Skandal obyczajowy nie słabnie. Doda bez litości
Doda nie ma żadnego zrozumienia dla publicznego skandalu, wywołanego przez Sebastiana Fabijańskiego i Rafalalę. Chwali Maffashion i współczuje jej synowi. Wróży mu koszmar.
Sebastian Fabijański przyznał niedawno publicznie, że zdradził matkę swojego dziecka, chociaż zaprzeczył, że stało się to z Rafalalą, czyli transpłciową performerką i skandalistką. Przyznał natomiast, że bawił u niej pod wpływem narkotyków.
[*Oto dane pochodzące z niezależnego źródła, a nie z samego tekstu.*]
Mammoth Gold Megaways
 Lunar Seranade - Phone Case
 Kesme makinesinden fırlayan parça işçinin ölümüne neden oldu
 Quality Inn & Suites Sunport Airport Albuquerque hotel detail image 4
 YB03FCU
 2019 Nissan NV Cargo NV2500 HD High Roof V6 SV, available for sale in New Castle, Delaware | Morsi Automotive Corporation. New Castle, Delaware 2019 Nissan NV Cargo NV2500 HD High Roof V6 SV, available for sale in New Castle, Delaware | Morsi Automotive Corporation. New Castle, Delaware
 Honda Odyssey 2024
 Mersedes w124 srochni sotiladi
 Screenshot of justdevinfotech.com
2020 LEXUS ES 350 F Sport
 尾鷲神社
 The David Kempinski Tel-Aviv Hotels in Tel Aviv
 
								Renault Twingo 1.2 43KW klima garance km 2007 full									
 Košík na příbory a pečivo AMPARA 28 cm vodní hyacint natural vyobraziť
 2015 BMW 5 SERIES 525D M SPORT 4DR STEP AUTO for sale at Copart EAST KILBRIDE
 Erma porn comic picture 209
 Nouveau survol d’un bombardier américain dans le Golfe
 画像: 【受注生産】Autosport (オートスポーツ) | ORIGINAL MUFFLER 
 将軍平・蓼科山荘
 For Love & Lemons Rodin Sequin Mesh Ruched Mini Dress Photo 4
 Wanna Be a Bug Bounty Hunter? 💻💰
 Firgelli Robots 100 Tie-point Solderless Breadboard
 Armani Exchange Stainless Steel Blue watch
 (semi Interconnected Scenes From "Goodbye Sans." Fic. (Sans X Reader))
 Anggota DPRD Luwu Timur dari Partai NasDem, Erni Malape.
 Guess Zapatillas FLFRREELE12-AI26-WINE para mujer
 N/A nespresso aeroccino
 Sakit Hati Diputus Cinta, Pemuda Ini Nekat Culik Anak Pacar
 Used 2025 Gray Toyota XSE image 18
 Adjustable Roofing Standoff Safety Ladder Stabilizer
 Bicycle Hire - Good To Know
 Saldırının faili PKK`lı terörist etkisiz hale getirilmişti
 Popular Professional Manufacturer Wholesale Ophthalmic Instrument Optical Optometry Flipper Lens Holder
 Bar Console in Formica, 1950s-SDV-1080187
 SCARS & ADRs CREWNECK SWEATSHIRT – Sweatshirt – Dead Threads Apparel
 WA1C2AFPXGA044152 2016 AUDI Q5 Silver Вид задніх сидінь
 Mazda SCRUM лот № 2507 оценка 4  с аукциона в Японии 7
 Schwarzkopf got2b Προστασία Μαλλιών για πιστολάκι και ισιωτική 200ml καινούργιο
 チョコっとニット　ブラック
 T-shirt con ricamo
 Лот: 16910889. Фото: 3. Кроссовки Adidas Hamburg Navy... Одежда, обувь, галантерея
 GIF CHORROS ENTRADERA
Artyści mają pecha do Rafalali, która wydaje się już specjalizować w publikowaniu kompromitujących nagrań. Najpierw upubliczniła wideo z raperem Belmondo, kąpiącym się w jej wannie, a ostatnio wrzuciła do sieci filmik z odurzonym Fabijańskim.
Aktor wyznał też, że jest szantażowany (w domyśle przez samą Rafalalę). Celebrytka do niczego się nie przyznaje i prawi Sebastianowi słodkie komplementy. Nie zostawia, natomiast, suchej nitki na jego byłej partnerce Maffashion, które wypomina niewierność. Wydaje się, że na tej wojnie nie bierze się jeńców. I do tego nawiązała Doda, zapytana o to, którą stronę trzyma.
Dalsza część artykułu pod materiałem wideo
Sebastian Fabijański pierwszy raz o spotkaniu z Rafalalą
- Jestem po stronie tego dzieciaka (syna Sebastiana i Maffashion - przyp. red.). Robicie mu traumę i rozp...dol. To dziecko pójdzie za jakiś czas do szkoły, wyjdzie do rówieśników, a w internecie nic nie ginie. To jest koszmar, ono będzie mieć złamaną psychikę - stwierdziła kategorycznie Doda w rozmowie z Plejadą.
Piosenkarka solidaryzuje się z Maffashion, która powstrzymuje się od komentowania całej sprawy i poprosiła tylko o uszanowanie prywatności jej i syna Bastiana. Jednocześnie Doda nie przebiera w słowach, oceniając taktykę Sebastiana Fabijańskiego na rozegranie wspomnianej afery.
- Dzieci nie powinny płacić za winy rodziców. Czasem, po prostu, lepiej "shut the f...ck up!" (zamknąć się - przyp. red.).